Jeremy Rifkin: la civiltà dell’idrogeno (2002)


di Giuseppe Gallo

L’Italia e l’Europa si trovano di fronte a una grande opportunità storica: riconquistare la leadership internazionale mettendosi alla guida del passaggio da un’economia fondata sui combustibili fossili (petrolio, carbone, gas naturale) a una fondata sull’idrogeno. È la tesi di Jeremy Rifkin, uno dei massimi economisti americani, presidente della Foundation on Economy Trends di Washington, docente alla Warthon School of Finance and Commerce, e autore del saggio Economia all’idrogeno (Mondadori, pp. 344).
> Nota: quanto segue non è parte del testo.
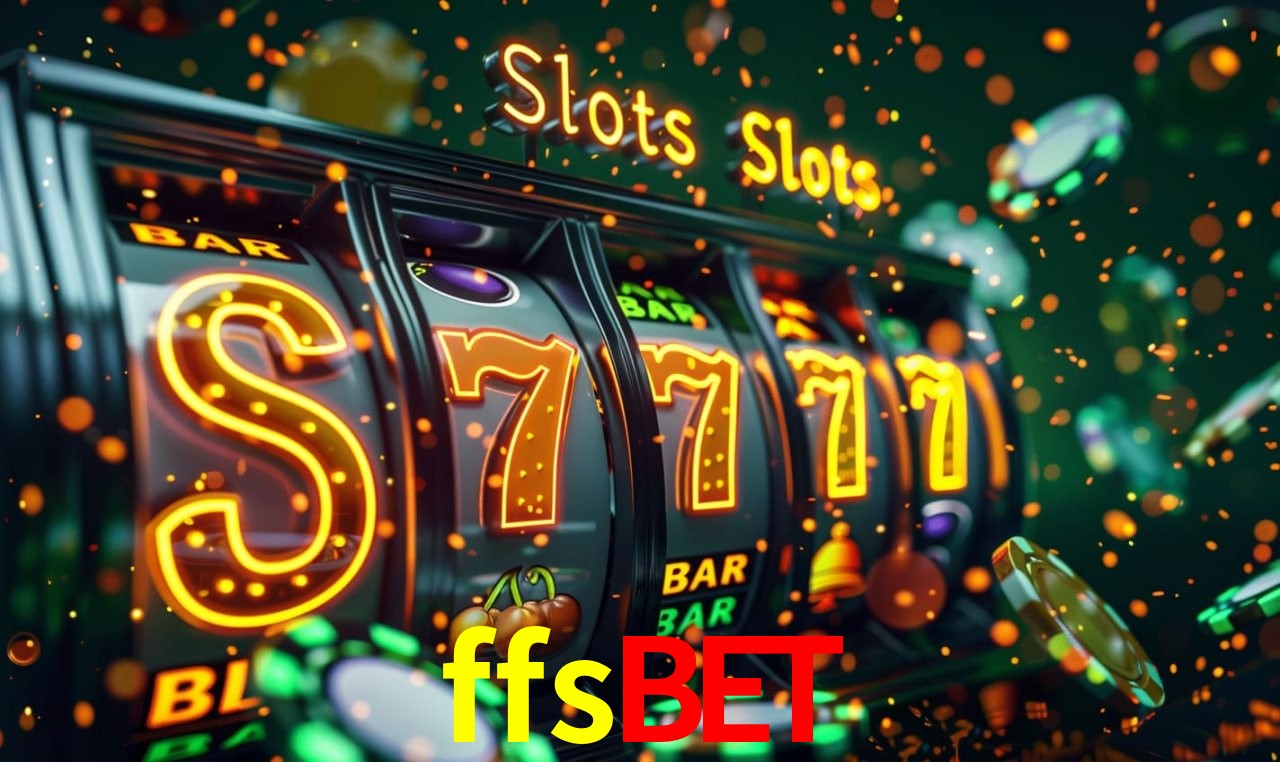 A Emoção da Loteria na ffsbet: Uma Chance de Mudança de Vida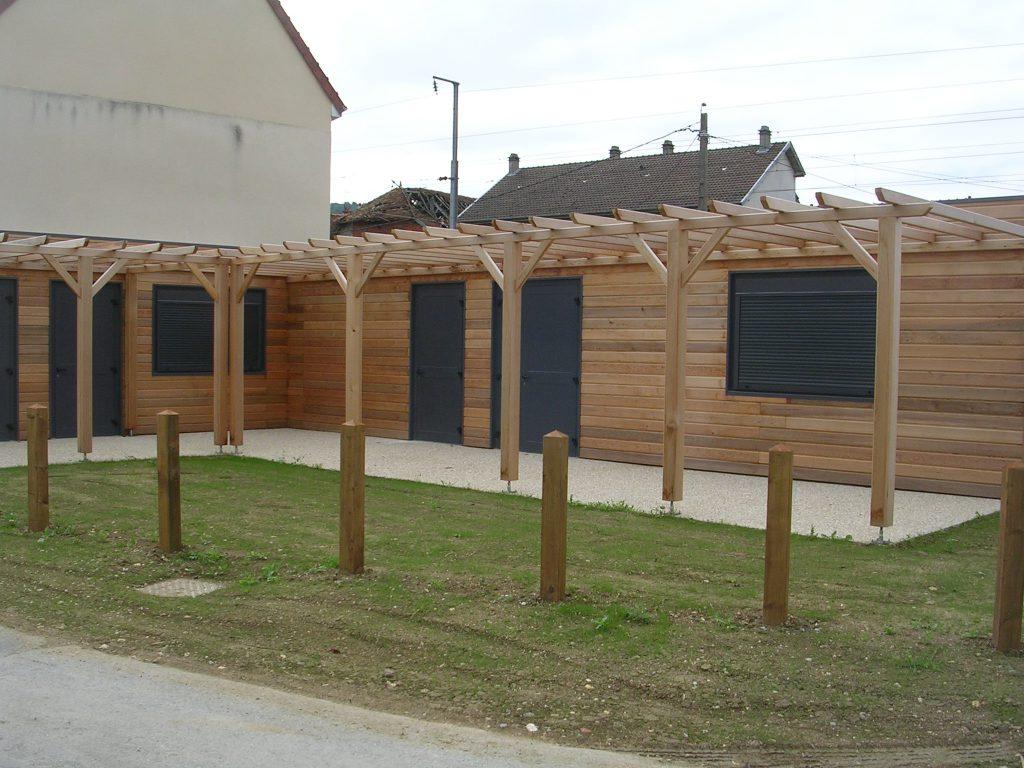image projet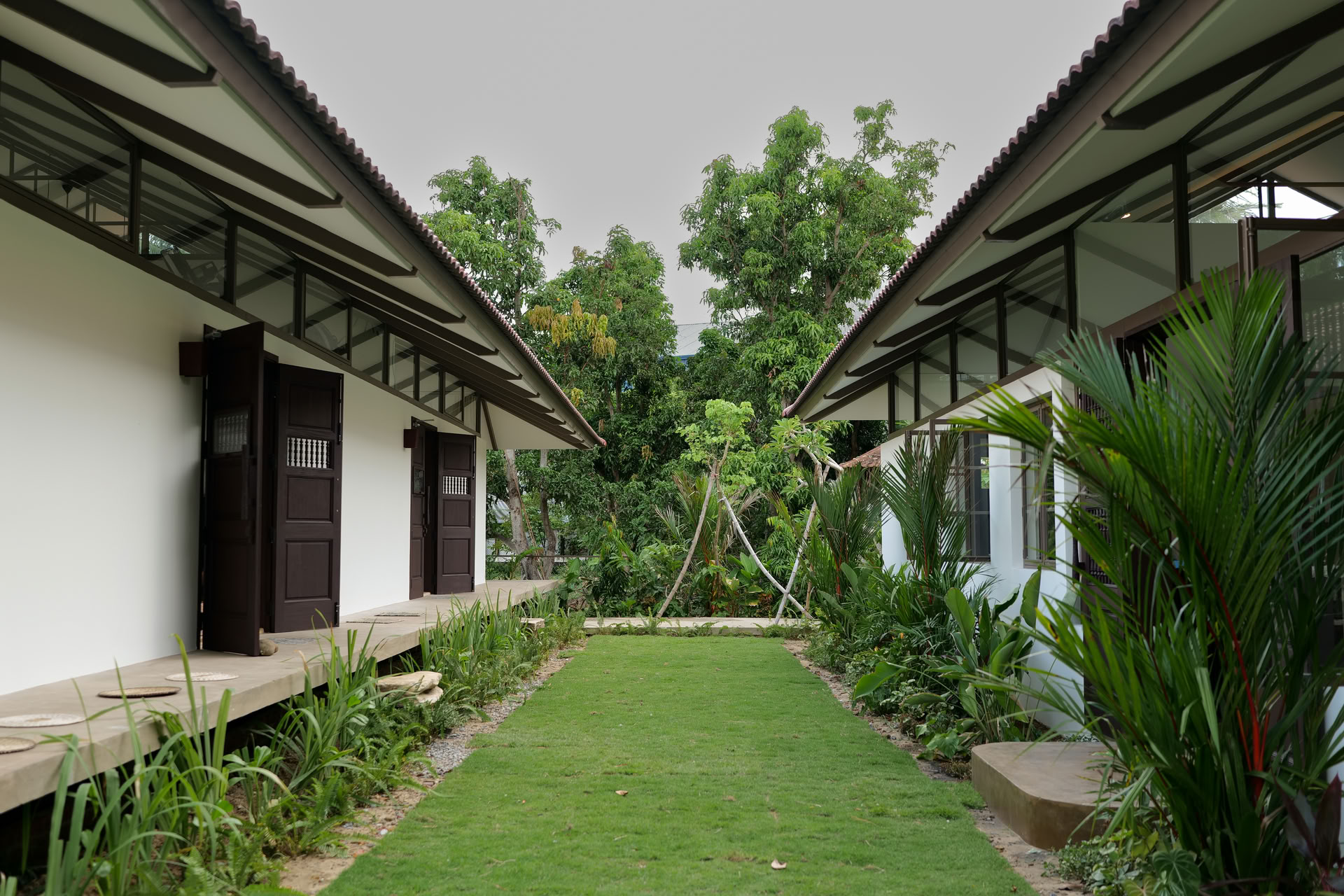 OM ĐÂY Joga Hoi An
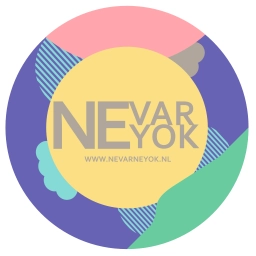 Logo van Nevarneyok.nl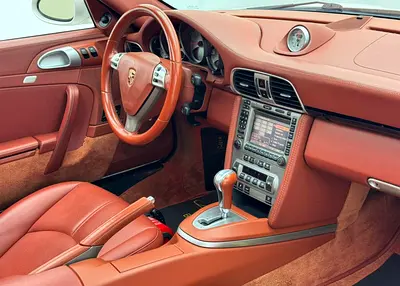 صورة مصغرة 12 لـ 2006 Porsche 911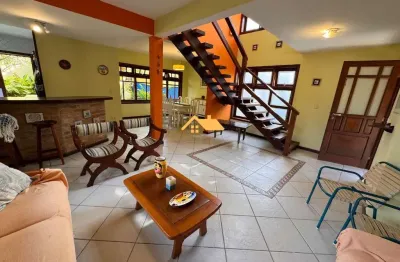Imperdível oportunidade: casa em condomínio à venda em juquehy, são sebastião-sp, 3 quartos, 1 suíte, 2 salas, 3 banheiros, 2 vagas, 170m².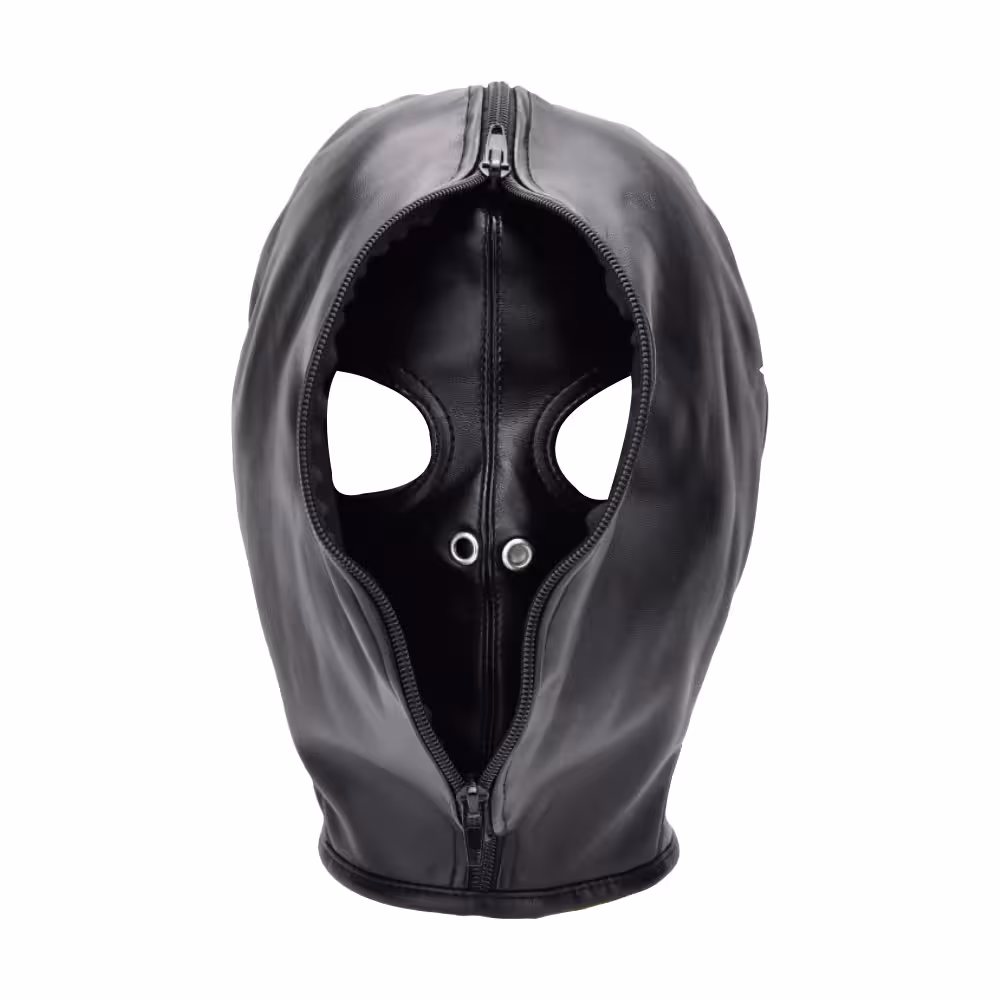 Bound to Please Open Eyed Hood image 3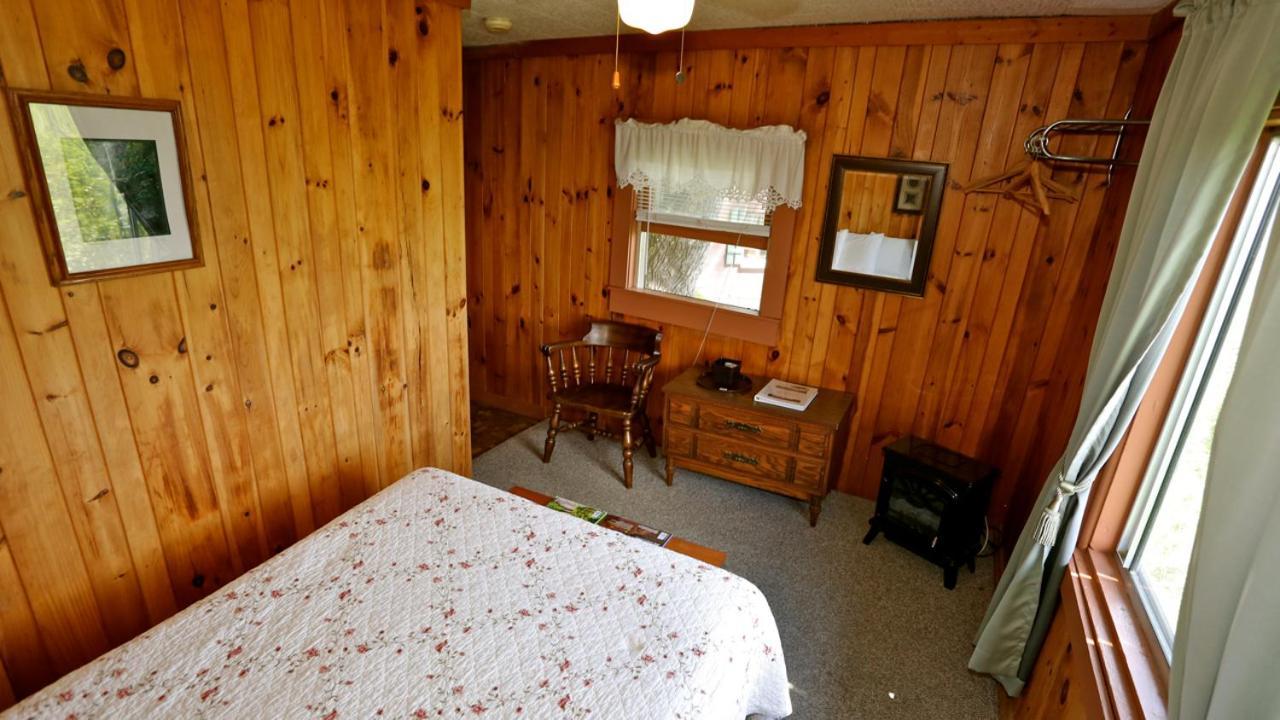 Little Switzerland Alpine Inn מראה חיצוני תמונה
Certo, la transizione non è affatto scontata, i fattori di resistenza sono forti e gli interessi in gioco enormi. Ma, secondo Rifkin, sarebbe un grave errore perdere un’occasione come questa che, a partire dal settore energetico, ci restituirebbe l’indipendenza dal Medio Oriente e dagli Stati Uniti. Del resto, proprio l’aumento del prezzo del petrolio (30 dollari al barile) potrebbe incoraggiare una politica che punti con maggiore decisione sulle fonti di energia alternativa. E l’idrogeno sembrerebbe quella più realistica: è accessibile, pulito, inesauribile.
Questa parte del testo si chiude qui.